So, the difference in regions is probably the cause of the failures.

tzach commented 1 year ago

So, restore only works in the same region, and there is a procedure to restore to a different region? This is acceptable, but it needs to be explicitly documented.

Michal-Leszczynski commented 1 year ago

Restoring tables has a requirement of having identical schema as in the backup. The dcs are also a part of the keyspace schema. So the fact that that restore does not work when you try to restore data into empty dc seems logical.

The strange part here is that load&stream does not complain when it has to upload sstables to nodes from empty dc (we can add manual checks for that in SM). I would suspect, that in this scenario uploaded sstables should be lost, as they don't belong to any node in the cluster, but maybe L&S still stores it somewhere, even though it's impossible to query the data because of the "unavailable replicas" error.

In your example you said that you used nodetool refresh for uploading sstables, but did you use it with the -las option? I'm curious if a work around in this case should look like:

Michal-Leszczynski commented 1 year ago

But at least we know that this issue is not a regression and that IMHO restore works as described in the docs.

ShlomiBalalis commented 1 year ago

Restoring tables has a requirement of having identical schema as in the backup. The dcs are also a part of the keyspace schema. So the fact that that restore does not work when you try to restore data into empty dc seems logical.

The strange part here is that load&stream does not complain when it has to upload sstables to nodes from empty dc (we can add manual checks for that in SM). I would suspect, that in this scenario uploaded sstables should be lost, as they don't belong to any node in the cluster, but maybe L&S still stores it somewhere, even though it's impossible to query the data because of the "unavailable replicas" error.

In your example you said that you used nodetool refresh for uploading sstables, but did you use it with the -las option?

Nope. a simple nodetool refresh -- 5gb_sizetiered_2022_1 standard1

I'm curious if a work around in this case should look like:

* restore schema

* (change replication of keyspace with non-existing dc - but do we have a guarantee that the restore tables will work when using different keyspace schema?)

* restore tables

* (or maybe here is the right place for changing keyspace replication - perhaps uploaded data is still stored somewhere in the cluster and now it is safe to alter keyspace)

In my case, I first loaded the data with refresh and only then altered the keyspace, and everything seemed fine afterwards (of course, it was only a preliminary check that the table contains data at all)

Michal-Leszczynski commented 1 year ago

Nope. a simple nodetool refresh -- 5gb_sizetiered_2022_1 standard1

That's strange because nodetool refresh docs says:

Scylla node will ignore the partitions in the sstables which are not assigned to this node.
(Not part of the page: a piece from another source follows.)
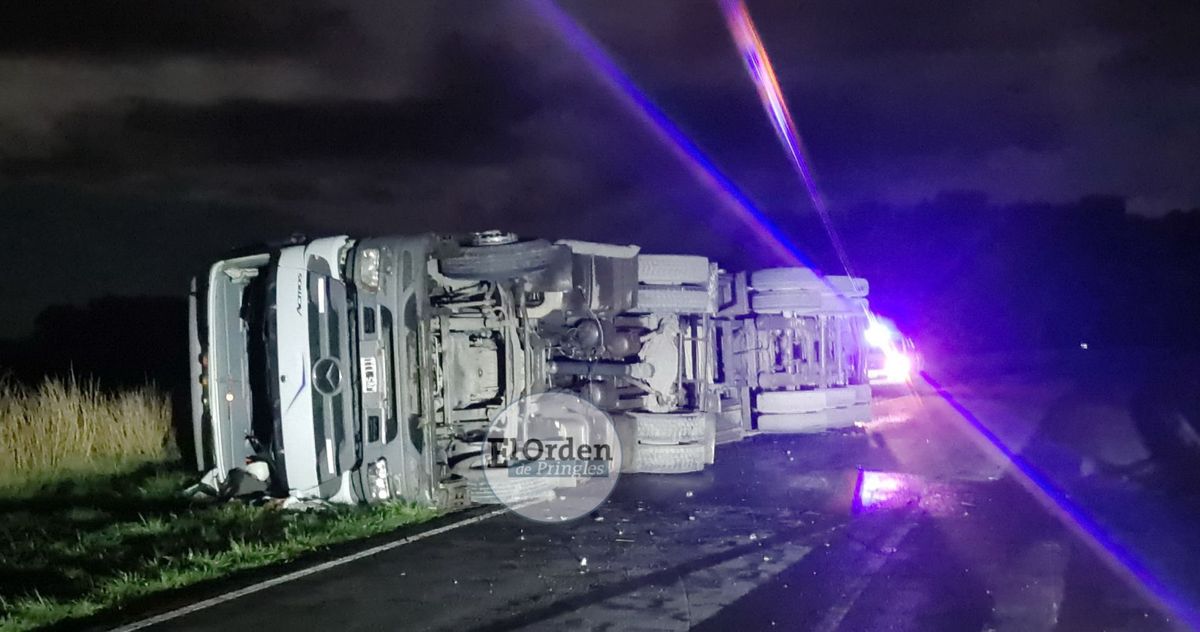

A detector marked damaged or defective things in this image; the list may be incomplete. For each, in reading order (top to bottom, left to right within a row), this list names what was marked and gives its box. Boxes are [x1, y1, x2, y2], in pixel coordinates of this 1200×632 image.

For example, if sstable are copied from a different node.

So I would expect that it worked partially / it's not reliable to use it in this way. So the approach with:

seems more promising. @asias, do you think that this approach is safe and should work?

Context: We have a backup from some cluster with only dc1. We want to restore it to a different cluster with only dc2. Normally, SM would first restore all schema from the backup (this requires cluster restart) and then it would proceed with restoring non-schema SSTables via load&stream. The problem is that we restore SSTables into keyspace replicated only in dc1 and we don't have any nodes from this dc in restore destination cluster, so even though restore procedure ends "successfully", the data is not there. Is it safe to use load&steam on SSTables when backed-up and restore destination clusters have identical table schema, but have different keyspace schema (keyspace name is the same, but there are different dc names in replication strategies)?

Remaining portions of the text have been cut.